Il 21 dicembre, le due procure si sono confrontate per un nuovo scambio di atti e informazioni.
Il procuratore di Roma Giuseppe Pignatone e il suo sostituto, Sergio Colaiocco, con il procuratore della Repubblica araba d’ Egitto Nabel Sadek hanno avuto un incontro al Cairo.
Una riunione concordata che ha fatto seguito alle dichiarazioni dei politici di entrambi i paesi sulla volontà di ottenere nuove informazioni sulla morte di Giulio.
Nella nota congiunta diffusa al termine della riunione, si legge: “Nel corso dell’incontro i magistrati hanno proceduto a una approfondita disamina dei nuovi elementi che i due uffici si sono scambiati. Vi è stato inoltre un aggiornamento sullo stato di avanzamento dei lavori della società incaricata del recupero dei video della metropolitana del Cairo”.
Gli uomini della sicurezza egiziana hanno sorvegliato e seguito Giulio fino alle sue ultime ore di libertà.
Giulio venne pedinato e prelevato alla stazione metro di Gamal Abdel Nasser e condotto alla stazione di polizia di Izbakiya.
Secondo quanto riporta Reuters, dopo essere stato trattenuto alla stazione di polizia per 30 minuti, Giulio venne trasferito in un complesso di sicurezza di stato gestito da Homeland Security.
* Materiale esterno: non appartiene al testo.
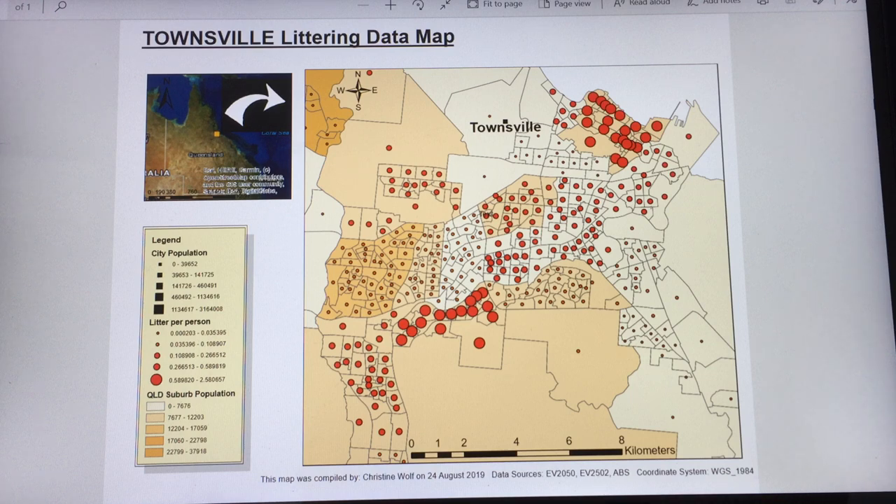The legend explains different colours and symbols of the map, like the shades of the suburbs representing their population size. Showing litter per person is an extra feature with limited relevance.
La Homeland security è l’altro nome di Al-Amn al-Watani, ossia i servizi segreti del Ministero degli Interni egiziano, diretti dal generale Khaled Shalaby, che si sospetta sia uno dei nove ufficiali coinvolti nel caso, anche se il suo nome per ora non è emerso.
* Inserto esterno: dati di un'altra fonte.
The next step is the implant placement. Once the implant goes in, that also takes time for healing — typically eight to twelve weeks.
Nello specifico, si tratta dell’uomo che potrebbe aver ordinato il sequestro di Giulio Regeni.
Le fonti riportate da Reuters non chiariscono cosa sia successo a Regeni in seguito al suo trasferimento al complesso di sicurezza dello stato.
Il Ministero degli Interni egiziano ha sempre, categoricamente, negato che le autorità egiziane siano state coinvolte nell’omicidio di Regeni, dichiarando il rapporto Reuters come “infondato” e “falso”.
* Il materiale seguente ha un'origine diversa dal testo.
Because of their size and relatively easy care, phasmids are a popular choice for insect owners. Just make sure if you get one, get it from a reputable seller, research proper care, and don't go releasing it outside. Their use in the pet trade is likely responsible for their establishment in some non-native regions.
Gli altri nomi emersi dai nuovi elementi probatori, riguardano il maggiore Magdi Ibrqaim Abdlaal Sharif, il capitano Osan Helmy, il colonnello Mahmud Handy e altre sei persone.
Il nome di Magdi Ibrqaim Abdlaal Sharif non è nuovo: TPI ne parlava già lo scorso agosto.
Sharif è il militare che teneva i contatti con l’ex capo del sindacato autonomo dei venditori ambulanti Mohammed Abdallah, il quale aveva intrecciato i rapporti con Regeni per la sua ricerca sul campo e che voleva incastrarlo per venderlo agli apparati egiziani attraverso una denuncia sfociata in controlli sempre più serrati.